→ **MATERIAL PROVIDED**:
● ● ● ● ●
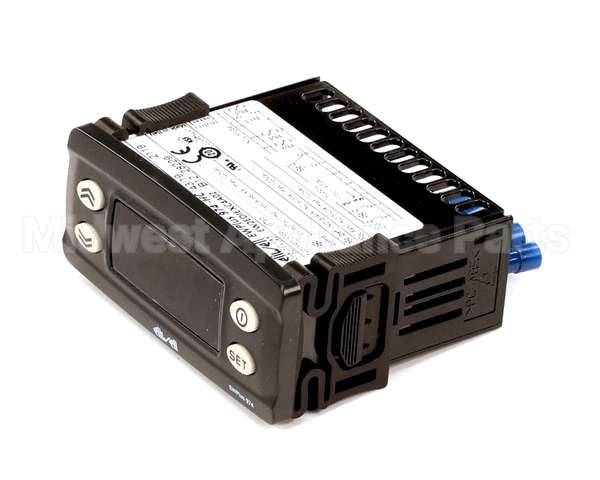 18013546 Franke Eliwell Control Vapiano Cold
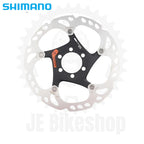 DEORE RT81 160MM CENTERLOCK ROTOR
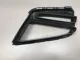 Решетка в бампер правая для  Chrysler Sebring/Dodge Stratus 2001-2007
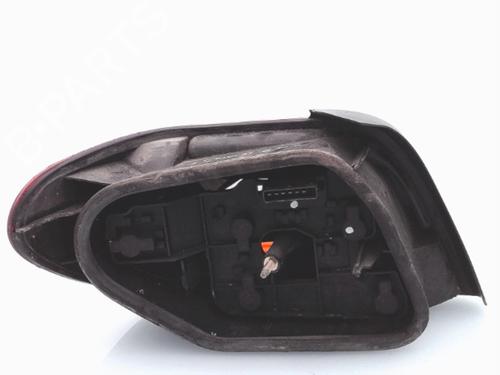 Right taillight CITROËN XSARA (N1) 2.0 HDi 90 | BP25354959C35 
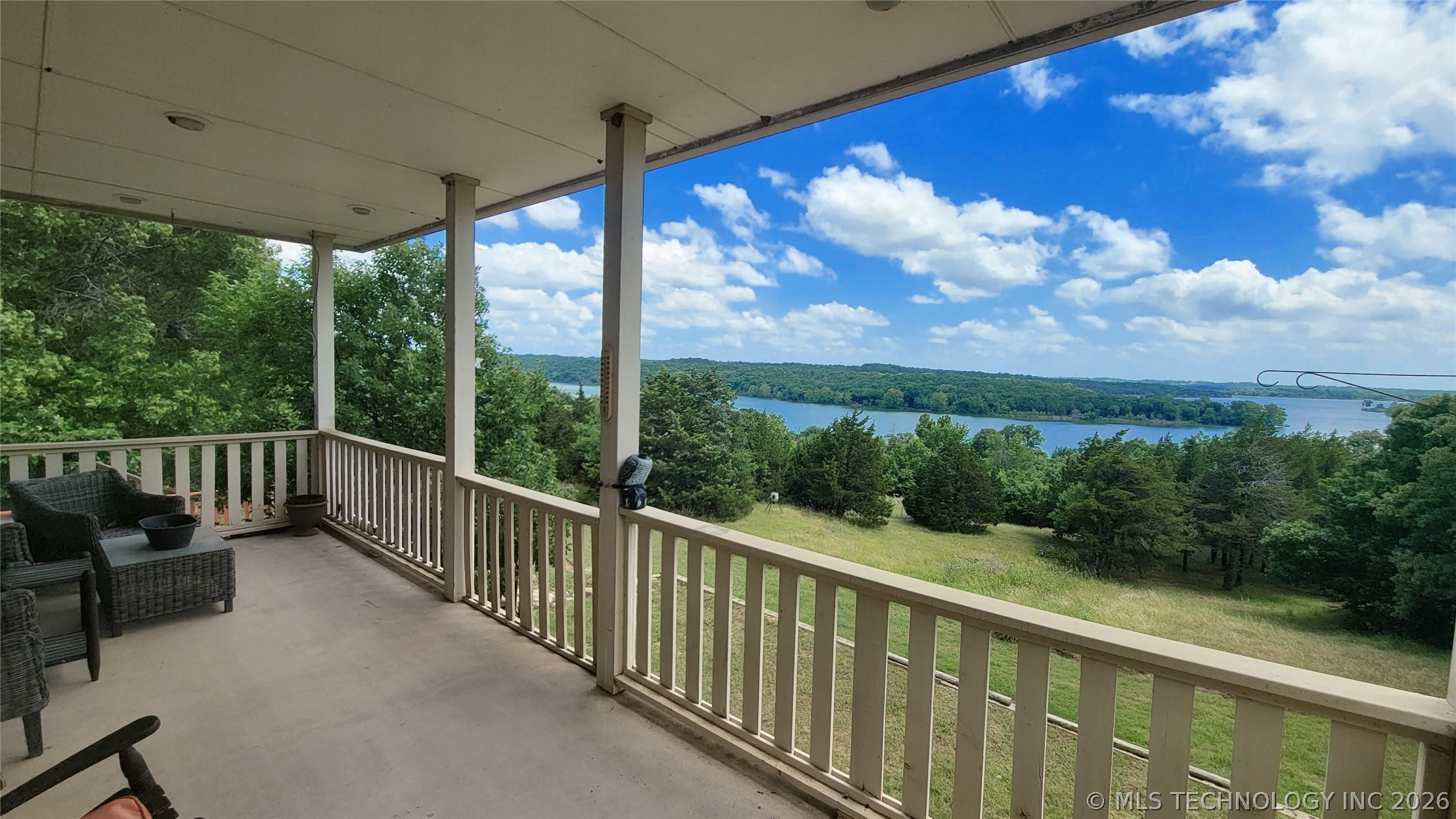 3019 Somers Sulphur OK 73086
● ● ● ● ●
→ **EXERCISE OBJECTIVE**: Beginning with the line that holds "Right taillight CITROËN", return each line through the end of the records above exactly. Do not include pictures.

→ **RESULT**:
 Right taillight CITROËN XSARA (N1) 2.0 HDi 90 | BP25354959C35 
 3019 Somers Sulphur OK 73086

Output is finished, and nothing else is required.